Film stars kissed with their mouths shut. At least, they did in the films. There were no movie ratings because all movies were responsibly produced for everyone to enjoy viewing, without profanity or violence or almost anything offensive.
If you grew up in a generation before there was fast food, you may want to share some of these memories with your children or grandchildren. Just don't blame me if they bust a gut laughing.
Growing up isn't what it used to be, is it?
MEMORIES from a friend:
My Dad is cleaning out my grandmother's house (she died in December) and he brought me an old lemonade bottle.
In the bottle top was a stopper with a bunch of holes in it. I knew immediately what it was, but my daughter had no idea.
She thought they had tried to make it a salt shaker or something. I knew it as the bottle that sat on the end of the ironing board to 'sprinkle' clothes with because we didn't have steam irons. Man, I am old.
How many do you remember?
Headlight dip-switches on the floor of the car.
Ignition switches on the dashboard.
Trouser leg clips for bicycles without chain guards.
Soldering irons you heated on a gas burner.

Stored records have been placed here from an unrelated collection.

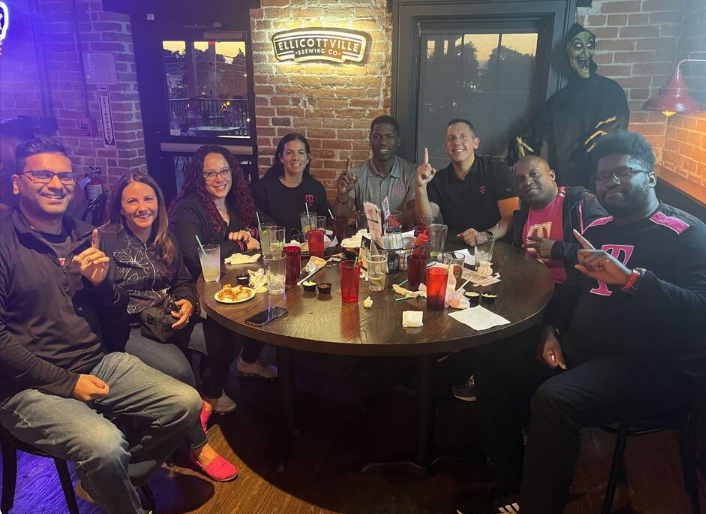 kosmoski's tweet photo. 🙏@AmrWahba1080 &amp; @simal_patel83 for a great Market Visit this week in Buffalo &amp; Rochester!  We had a fun time @BarBillTavern for some wings + weck &amp; got 🔥 up by @lpetrone9 at the site for the @TMobile  Rochester CEC!  We are ready to deliver a Big Q4 ! @SamanthaSpecs https://t.co/KqWhmIROaF
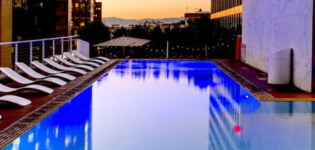 HOTELIERS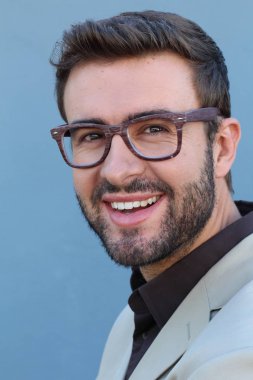 Duvarın önündeki yakışıklı sakallı adamın yakın plan portresi.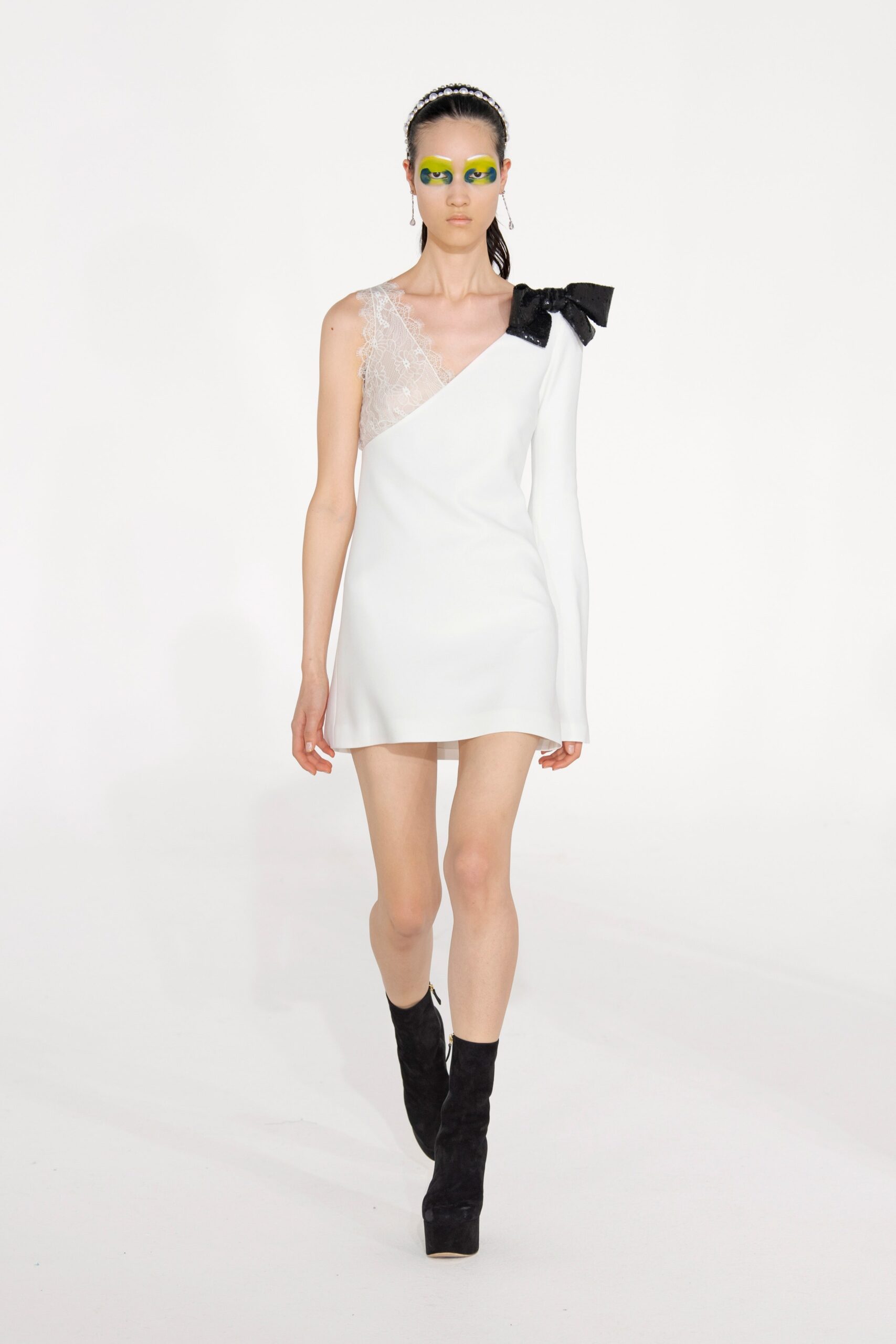 Giambattista Valli F/W 21 Look 33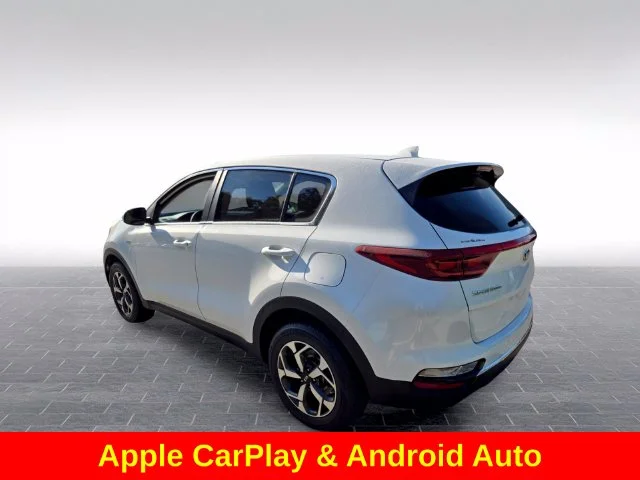 Used 2022 White Kia LX image 6
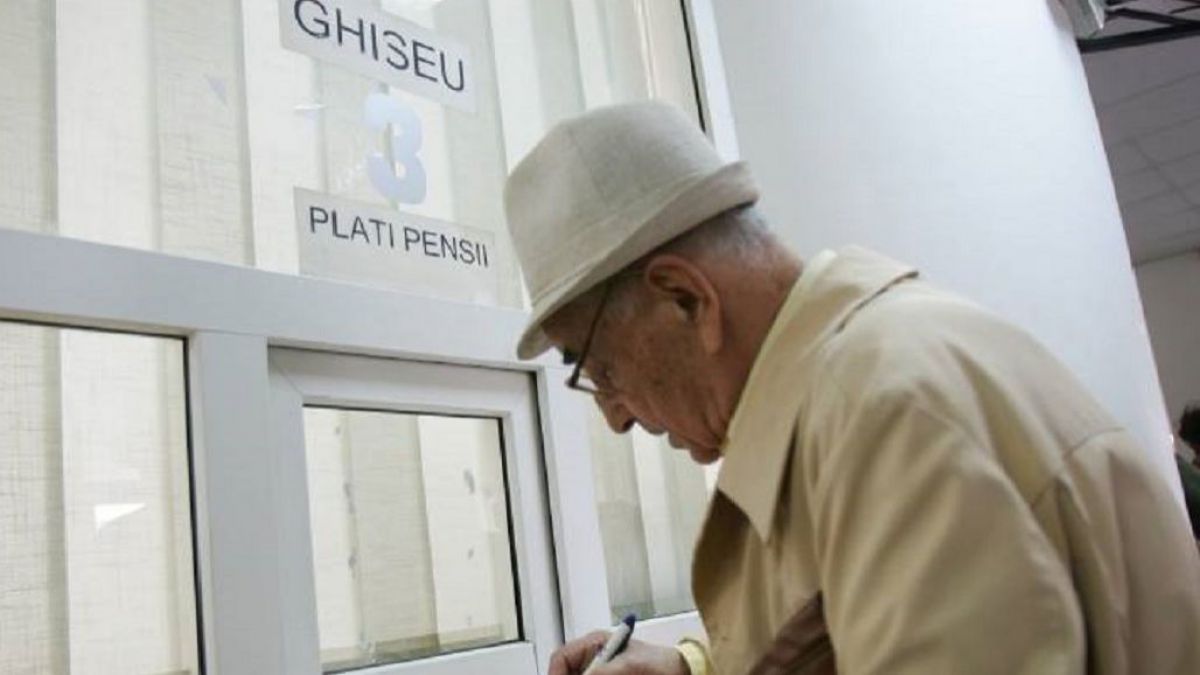 Pensiile și indemnizațiile sociale deja pot fi primite la Poșta Moldovei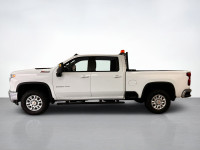 You will love the dynamic character of our used 2021 Chevrolet Silverado 2500 LT Crew Cab standard b... (image 1)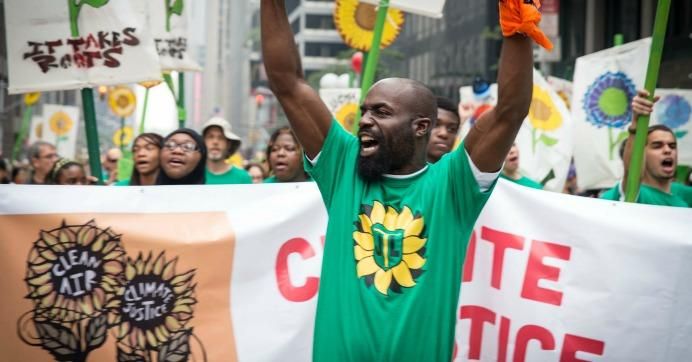Demonstrators march during the Peoples Climate March on Sept. 21, 2014. (Photo: Annette Bernhardt/flickr/cc) 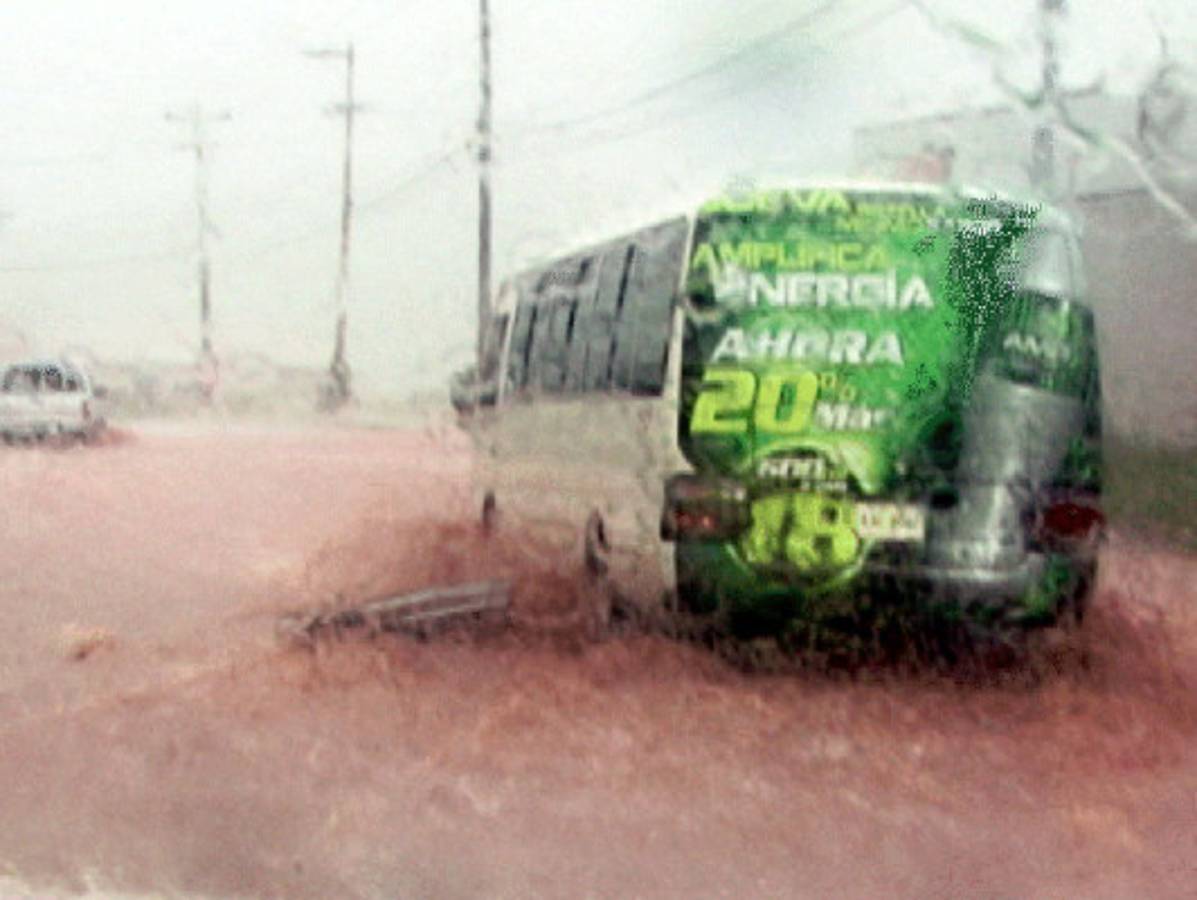 Vaguada deja fuertes lluvias en Honduras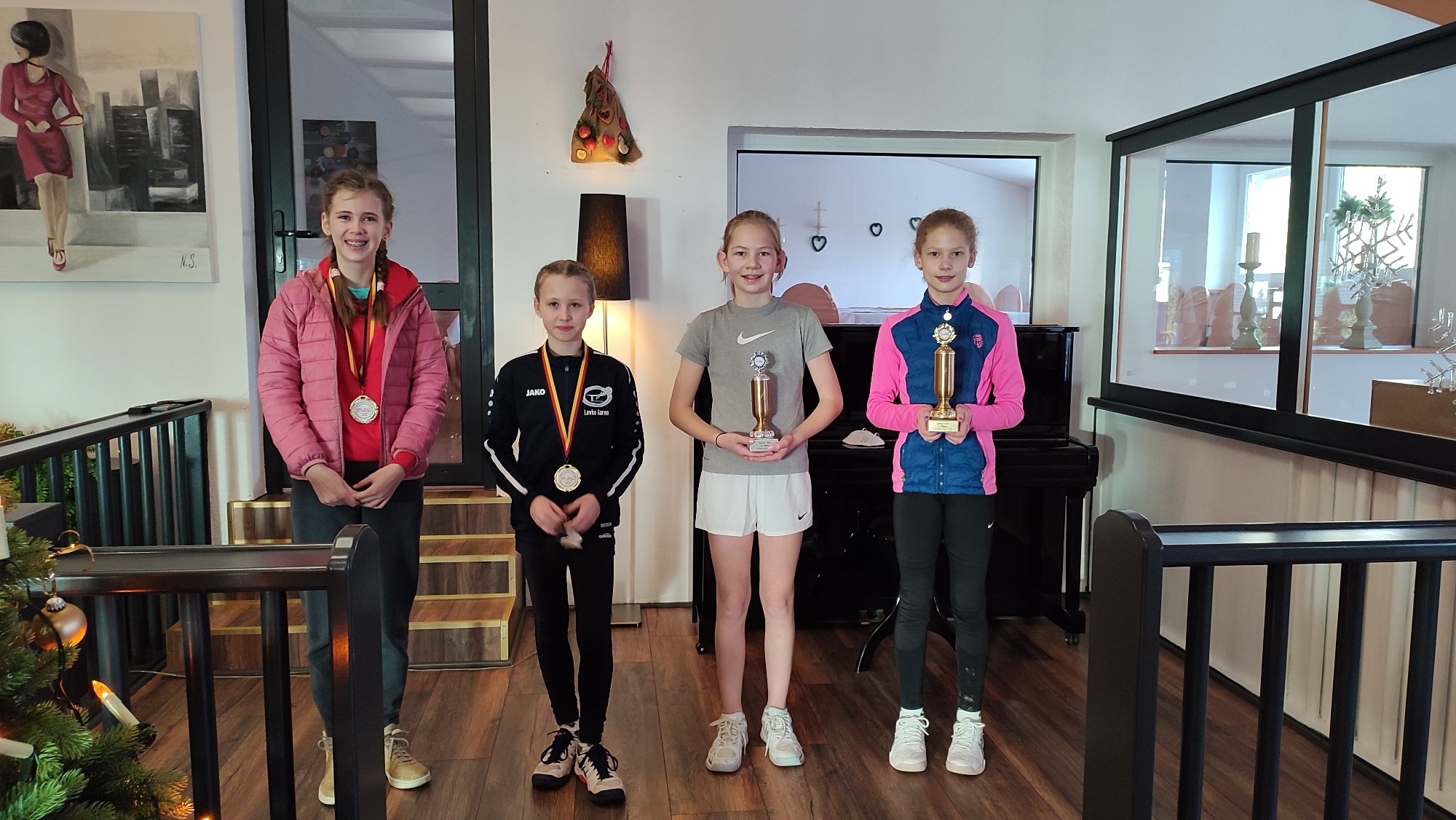 Pia Egbers und Jonne Epping sind neue Tennis Regionsmeister!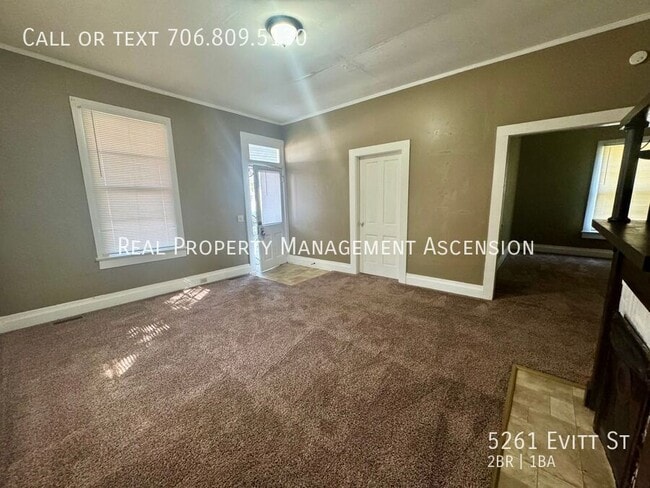 Photo - 5261 Evitt St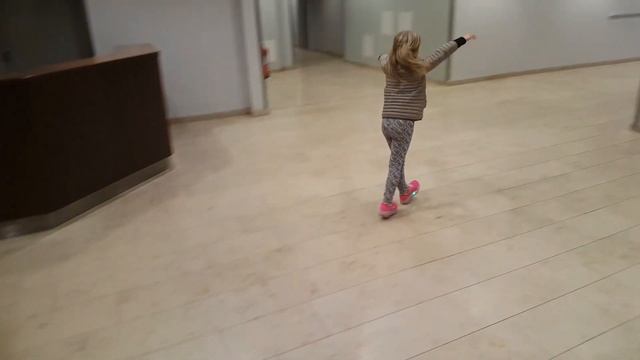 Хилисы или Хелесы? Heelys. Модные светящиеся роликовые кроссовки, с колёсами, ролики, кеды, обувь. смотреть онлайн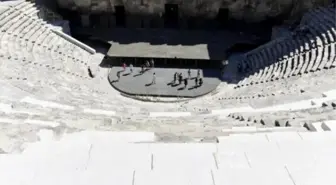 Restorasyon Faciası! Aspendos Antik Tiyatrosu'na 'Mutfak Mermeri' Döşendi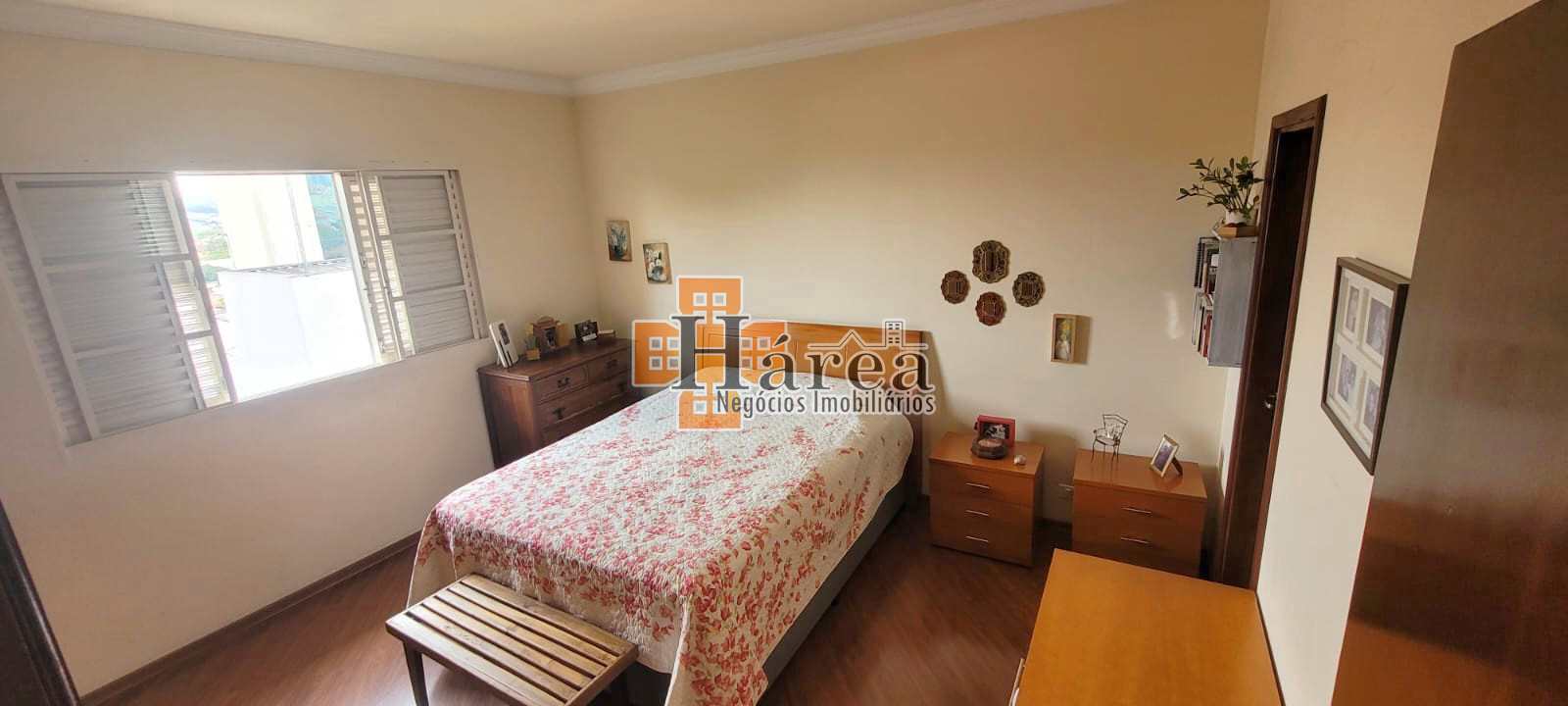 Casa à venda com 5 quartos, 350m² - Foto 18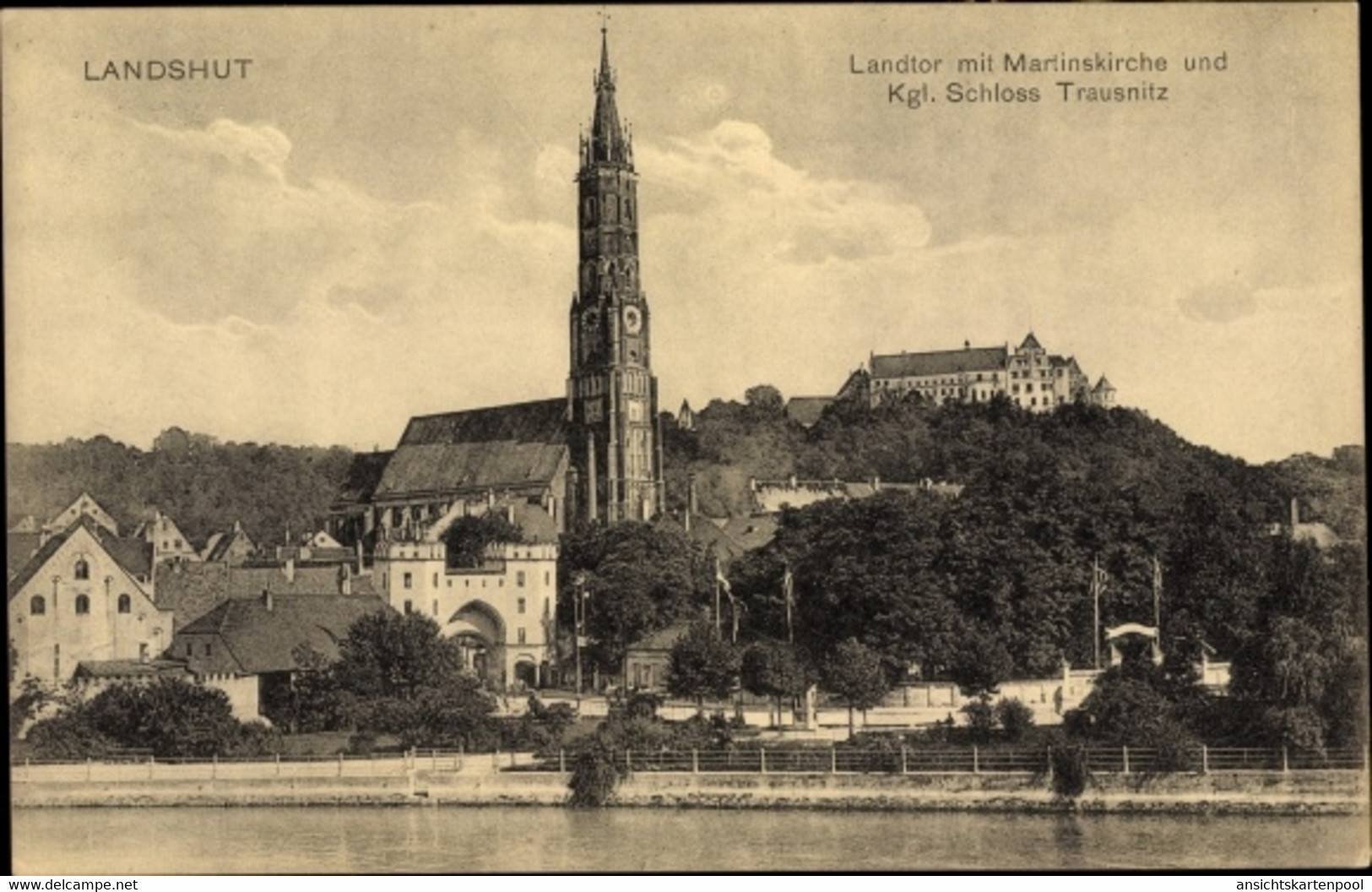 CPA Landshut In Niederbayern, Landtor Mit Martinskirche Und Königl. Schloss Trausnitz - Other & Unclassified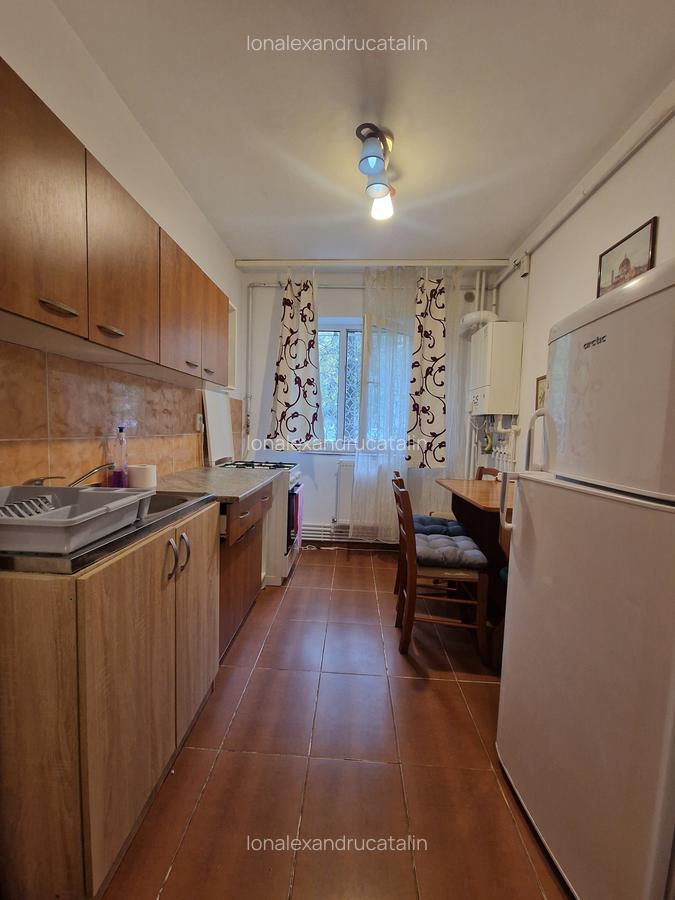 Dacia-2 camere, termen lung, centrala gaze, disponibil imediat, etaj parter - 17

Using hand signals for cars without turn indicators.
Older Than Dirt Quiz:
Count all the ones that you remember, not the ones you were told about. Ratings at the bottom
1. Sweet cigarettes
2. Coffee shops with juke boxes
3. Home milk delivery in glass bottles
4. Party lines on the telephone
5. Newsreels before the movie
6. TV test patterns that came on at night after the last show and were there until TV shows started again in the morning.
(There were only 2 channels [if you were fortunate])
7. Peashooters
8. 33 rpm records
9. 45 RPM records
10. Hi-fi's
11. Metal ice trays with levers
12. Blue flashbulb
13. Cork popguns
14. Wash tub wringers
If you remembered 0-3 = You're still young
If you remembered 3-6 = You are getting older
If you remembered 7-10 = Don't tell your age
If you remembered 11-14 = You're positively ancient!
I must be 'positively ancient' but those memories are some of the best parts of my life.
|
|
|
Post by jimmy20 on Feb 6, 2020 18:11:03 GMT
"If you remembered 11-14 = You're positively ancient! "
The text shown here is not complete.